Nicolas Truffinet, Entre-temps, Blake Edwards

Fin de Party

L’essai de Nico­las Truf­fi­net per­met de com­prendre com­ment Blake Edwards a poussé très loin l’art du contre-temps en jetant le trouble dans la comé­die elle-même, en renouant avec le bur­lesque en un temps où le cinéma ne le pra­ti­quait plus. Il crée du pur cinéma entre la farce et la comé­die roman­tique en ren­ver­sant les rôles et même les emplois des actrices et acteurs. Maître des rup­tures nar­ra­tives, il modi­fie les lois de l’écriture avec au pas­sage une étrange obses­sion pour les per­ro­quets…
Il existe du Tati chez le réa­li­sa­teur, entre autres celui de Play-Time. Comme lui, il pousse le comique vers une sorte d’abstraction dans un monde qui part à la dérive et en un uni­vers fil­mique où l’expérimentation comique est auda­cieuse. Peter Sel­lers reste l’acteur type du réa­li­sa­teur. L’inspecteur Clou­zot va qua­si­ment « man­ger » les films d’Edwards mais pour son bien et le sau­ver de désastres finan­ciers. L’inspecteur gaf­feur des 9 « Pan­thère Rose » tra­verse des films de fac­tures très dif­fé­rentes (ils ne sont en rien de simples « suites ») jusqu’à un faux docu­men­taire sur l’inspecteur puis une trans­for­ma­tion brouillonne mais créa­tive de Roger Moore au mieux de sa forme en Sel­lers (après le mort de ce dernier).

Roi du gag et de la méta­phore comique, le réa­li­sa­teur sait tirer le meilleur de ses comé­diens : c’est vrai pour Sel­lers comme pour Cur­tis. Ce der­nier est plus inté­res­sant chez lui que chez Billy Wil­der. Blake Edwards mul­ti­plie avec l’acteur la pano­plie des genres qu’il aborde. C’est le cas avec sa tri­lo­gie mili­taire et sa reprise avec Qu’as-tu fait à la guerre Papa ?  L’auteur y offre un autre dépla­ce­ment : celui du film de guerre. Tony Cur­tis devient un arri­viste jouant de sa séduc­tion pour mon­ter en grade et en corps (pas seule­ment de garde…).
Dans ces films comme dans l’ensemble de l’œuvre, l’alcool coule à flot. C’est – et non seule­ment dans The Party — chef d’œuvre absolu — un res­sort dra­ma­tique ou comique, entre chro­nique et délire psy­ché­dé­lique. Au monde de l’ « enter­tain­ment » et du busi­ness des « mad­men » cyniques et consu­mé­ristes le réa­li­sa­teur donne une vision désen­chan­tée, là où sou­vent Jack Lem­mon ( celui de  That’s life) devient l’autoportrait du réalisateur.

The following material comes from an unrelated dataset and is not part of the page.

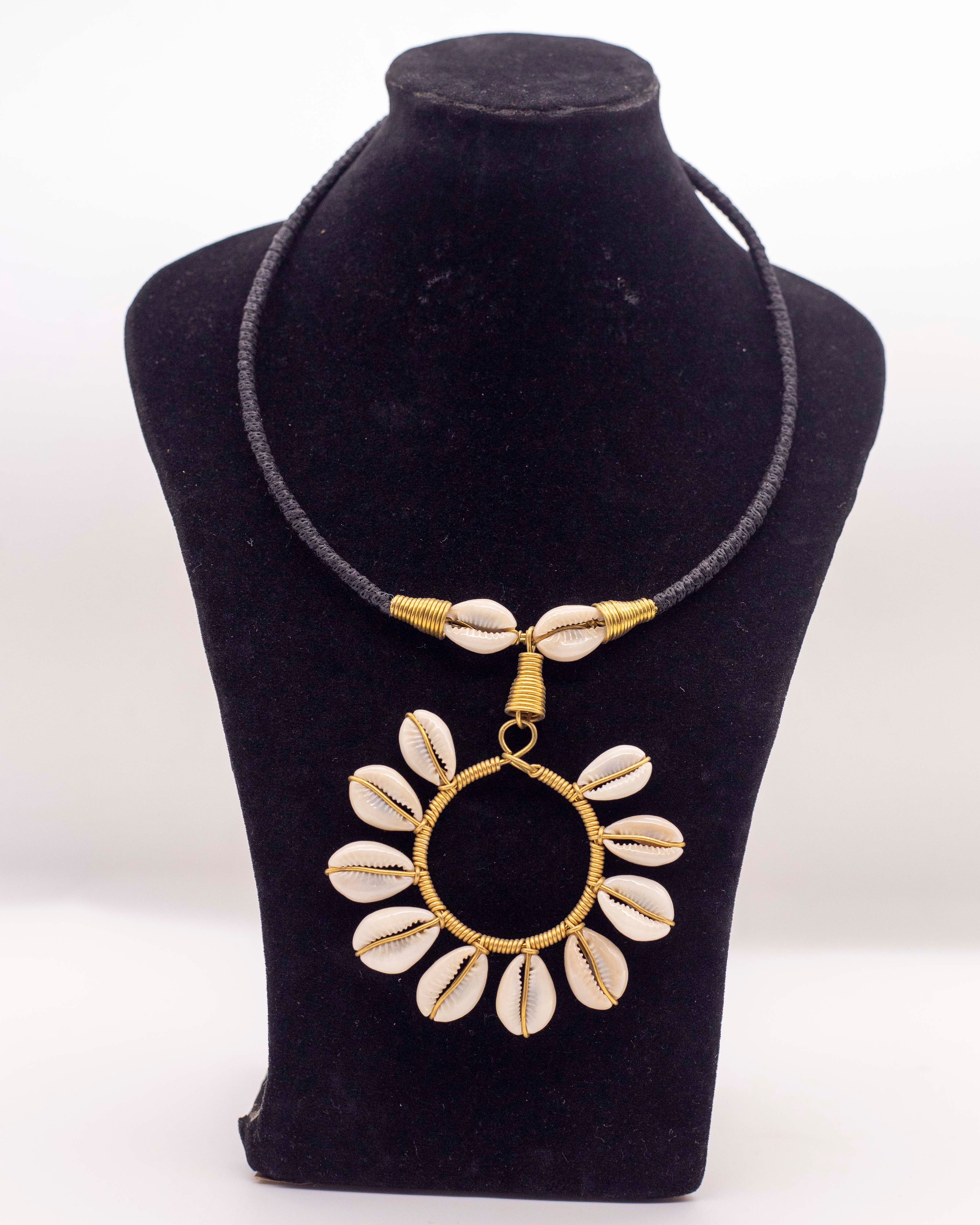 Neck Piece 21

Victime un temps du « nou­vel Hol­ly­wood » dans les années 70 avec des films pour­tant flam­boyants comme Dar­ling Lily ou La grande course autour du monde, il va renaître dans le bur­lesque avec moins de bru­ta­lité pour sor­tir de ses échecs et en témoi­gnant autant de la libé­ra­tion sexuelle que du renou­vel­le­ment des res­sorts du cinéma muet bur­lesque.
La plu­part des films sont drôles, durs, sans com­plai­sance. Le pes­si­misme est sauvé par l’humour et ses déca­lages nar­ra­tifs et tem­po­rels. Dans S.O.B  — film dit mau­dit mais cer­tai­ne­ment baroque et pas­sion­nant qui inau­gure la grande époque des années 80 -, le réa­li­sa­teur apprend à rire avec le sui­cide dans une suite hir­sute et éton­nante de gags.

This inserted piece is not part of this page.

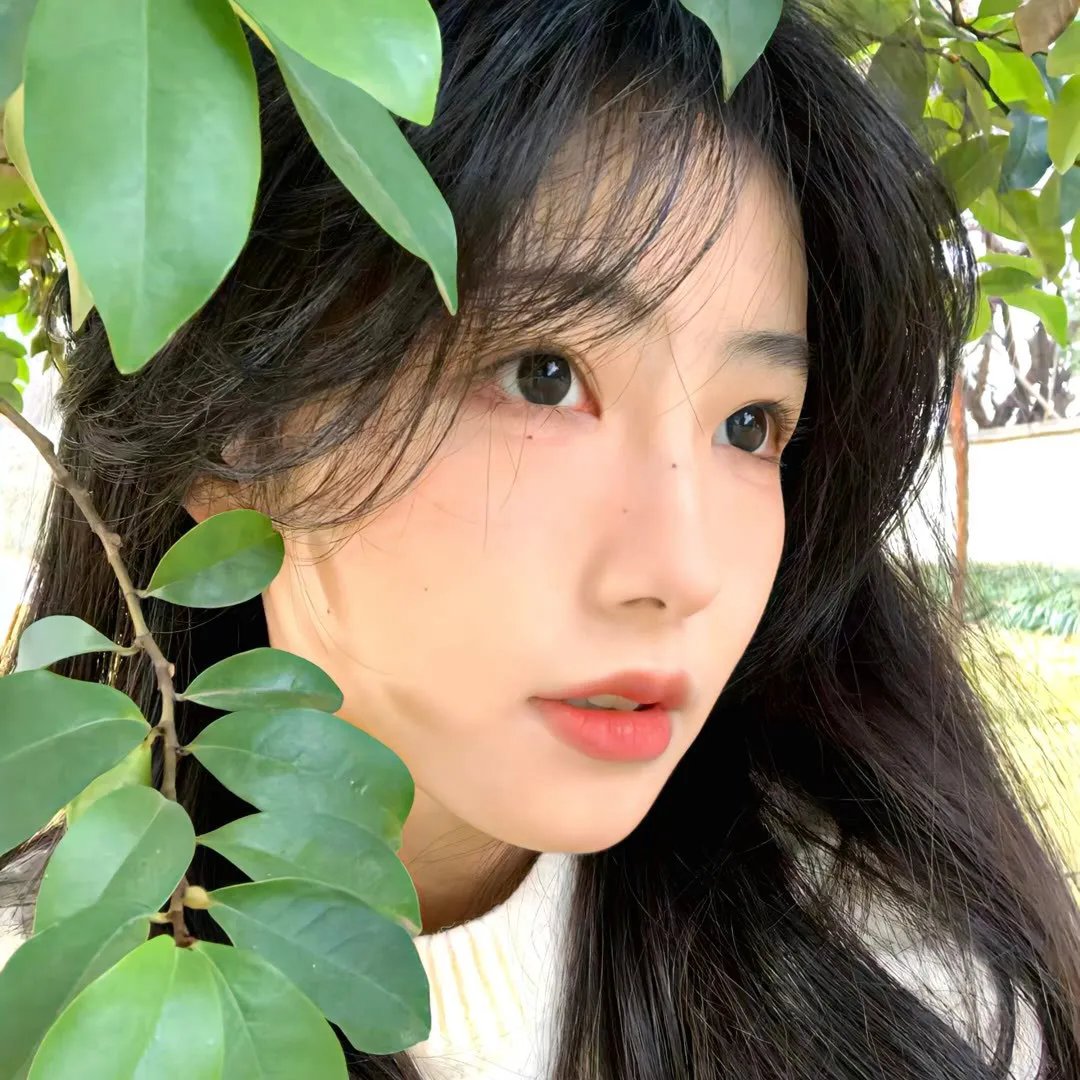 青春并不温柔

Sa période 80–90 ampli­fie ses suc­cès des années 60. Vic­tor Vic­to­ria rameute dans le vin­tage des troubles queer très avant-gardistes et auda­cieux. Des per­son­nages tra­vaillés et fouillés comme Dans la peau d’une blonde dix ans plus tard mettent en échec le machisme. Et ce même si ses films sont moins cen­trés sur les femmes que sur les hommes. Elles gardent – quoique héroïnes secon­daires – des rôles tou­jours impor­tants et ne se limitent pas à des faire-valoir. Sa reprise du film de Truf­faut L’homme qui aimait les femmes (où Burt Rey­nolds y est moins trou­blant que Charles Den­ner) le prouve par­fai­te­ment en leur don­nant voix.

Blake Edwards reste donc celui qui fait le lien entre Mac Carey et Apa­tow voire Jus­tin Power. Recon­nus ou non, tous ses films offrent une cri­tique déjan­tée de la société  et accorde au cinéma une révi­sion des formes comiques. L’excellent essai de Nico­las Truf­fi­net le prouve parfaitement.

jean-paul gavard-perret

Nico­las Truf­fi­net, Entre-temps, Blake Edwards, Edi­tions Play­list Society, 2018.